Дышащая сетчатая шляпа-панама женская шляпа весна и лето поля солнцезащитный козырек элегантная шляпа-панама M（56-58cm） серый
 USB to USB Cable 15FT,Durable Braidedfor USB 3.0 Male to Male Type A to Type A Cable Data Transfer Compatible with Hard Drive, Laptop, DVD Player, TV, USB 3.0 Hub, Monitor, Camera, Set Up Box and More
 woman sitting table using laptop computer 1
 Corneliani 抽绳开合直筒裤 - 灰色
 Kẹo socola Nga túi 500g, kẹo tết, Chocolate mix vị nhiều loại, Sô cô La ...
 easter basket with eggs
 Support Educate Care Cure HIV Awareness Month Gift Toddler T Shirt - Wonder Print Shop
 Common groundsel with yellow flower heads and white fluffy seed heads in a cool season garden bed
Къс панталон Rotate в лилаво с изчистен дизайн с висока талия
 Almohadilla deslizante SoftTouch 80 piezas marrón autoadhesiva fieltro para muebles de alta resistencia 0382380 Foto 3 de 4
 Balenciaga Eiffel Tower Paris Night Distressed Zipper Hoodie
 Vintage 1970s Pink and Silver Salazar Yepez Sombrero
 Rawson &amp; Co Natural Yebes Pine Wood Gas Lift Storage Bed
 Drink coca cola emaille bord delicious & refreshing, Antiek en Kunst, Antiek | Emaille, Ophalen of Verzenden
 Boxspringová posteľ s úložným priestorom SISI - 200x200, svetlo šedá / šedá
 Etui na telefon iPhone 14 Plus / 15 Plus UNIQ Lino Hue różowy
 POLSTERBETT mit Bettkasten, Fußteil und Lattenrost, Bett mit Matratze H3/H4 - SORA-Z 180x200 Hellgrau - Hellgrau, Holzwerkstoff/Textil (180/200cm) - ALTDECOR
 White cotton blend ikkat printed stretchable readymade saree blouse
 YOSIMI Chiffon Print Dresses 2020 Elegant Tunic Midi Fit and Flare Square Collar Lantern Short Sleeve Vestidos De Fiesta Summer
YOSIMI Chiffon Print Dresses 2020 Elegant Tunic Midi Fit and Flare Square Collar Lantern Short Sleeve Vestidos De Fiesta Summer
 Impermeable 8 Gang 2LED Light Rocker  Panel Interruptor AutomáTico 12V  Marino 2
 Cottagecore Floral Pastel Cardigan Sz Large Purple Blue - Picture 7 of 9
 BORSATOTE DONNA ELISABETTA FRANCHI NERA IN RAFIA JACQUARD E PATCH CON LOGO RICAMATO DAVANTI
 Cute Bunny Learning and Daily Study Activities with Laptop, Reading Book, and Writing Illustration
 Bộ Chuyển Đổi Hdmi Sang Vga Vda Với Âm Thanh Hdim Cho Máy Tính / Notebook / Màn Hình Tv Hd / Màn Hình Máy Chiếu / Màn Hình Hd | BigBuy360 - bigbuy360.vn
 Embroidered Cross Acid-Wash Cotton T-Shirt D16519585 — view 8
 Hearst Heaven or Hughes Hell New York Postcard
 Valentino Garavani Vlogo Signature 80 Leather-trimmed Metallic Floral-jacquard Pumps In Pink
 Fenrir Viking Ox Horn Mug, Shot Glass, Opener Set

===

Print the line containing "Bộ Chuyển Đổi" and every line after it to the end of the records above, exactly as written, and nothing else.

## WORKED SOLUTION:
 Bộ Chuyển Đổi Hdmi Sang Vga Vda Với Âm Thanh Hdim Cho Máy Tính / Notebook / Màn Hình Tv Hd / Màn Hình Máy Chiếu / Màn Hình Hd | BigBuy360 - bigbuy360.vn
 Embroidered Cross Acid-Wash Cotton T-Shirt D16519585 — view 8
 Hearst Heaven or Hughes Hell New York Postcard
 Valentino Garavani Vlogo Signature 80 Leather-trimmed Metallic Floral-jacquard Pumps In Pink
 Fenrir Viking Ox Horn Mug, Shot Glass, Opener Set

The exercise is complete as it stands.